▶ **Exercise**: Go through the data below and repeat it exactly, skipping each picture.

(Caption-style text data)
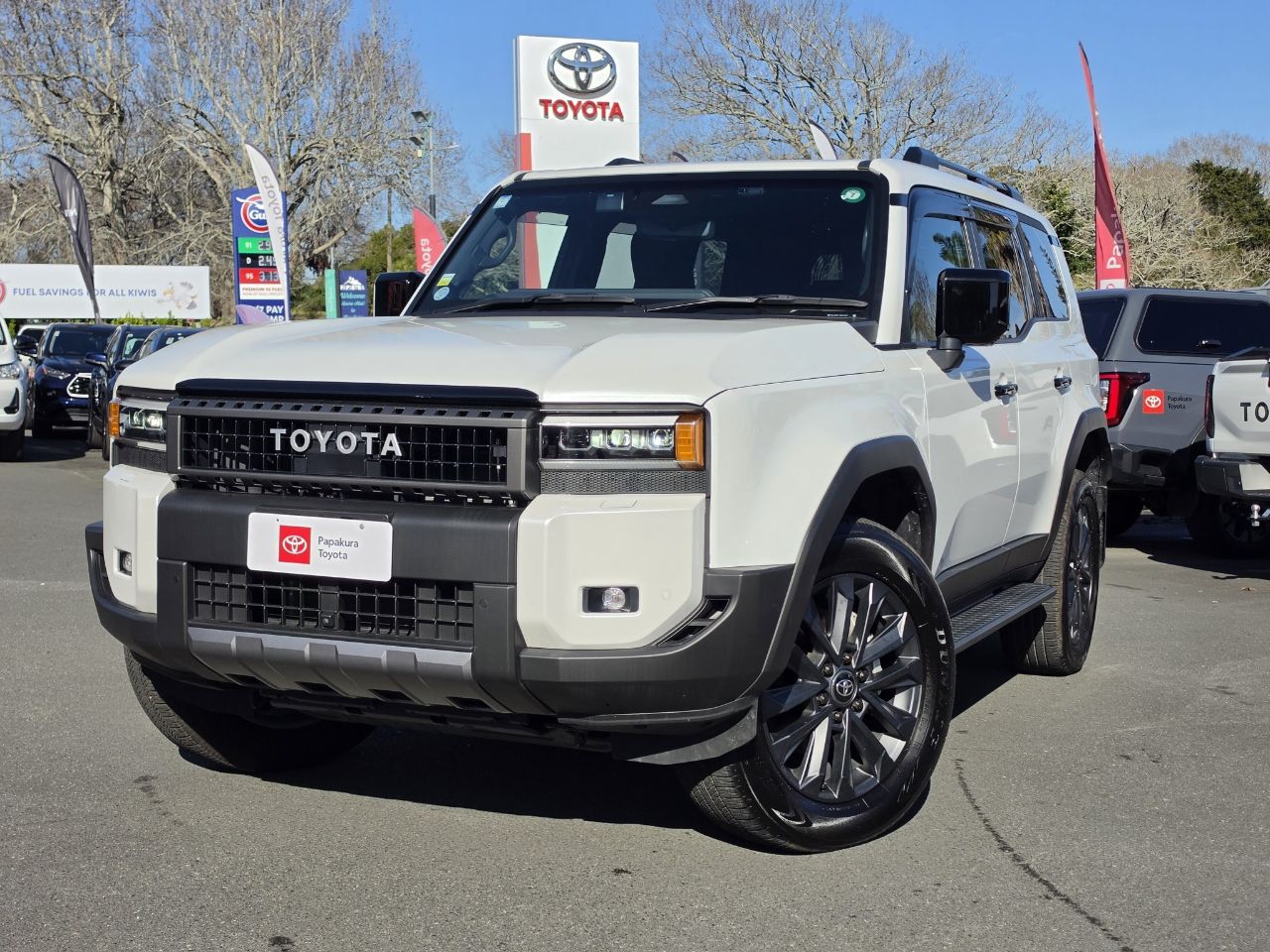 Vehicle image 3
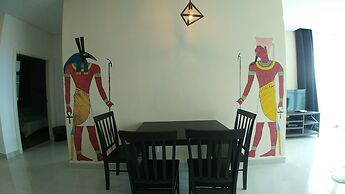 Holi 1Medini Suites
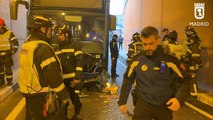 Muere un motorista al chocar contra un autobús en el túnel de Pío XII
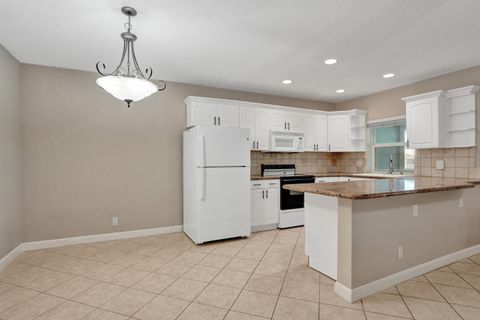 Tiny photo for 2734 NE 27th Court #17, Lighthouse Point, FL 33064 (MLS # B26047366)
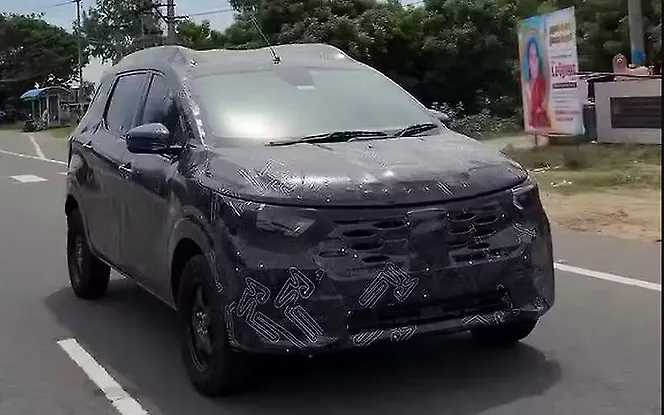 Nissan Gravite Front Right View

▶ **Your solution**:
 Vehicle image 3
 Holi 1Medini Suites
 Muere un motorista al chocar contra un autobús en el túnel de Pío XII
 Tiny photo for 2734 NE 27th Court #17, Lighthouse Point, FL 33064 (MLS # B26047366)
 Nissan Gravite Front Right View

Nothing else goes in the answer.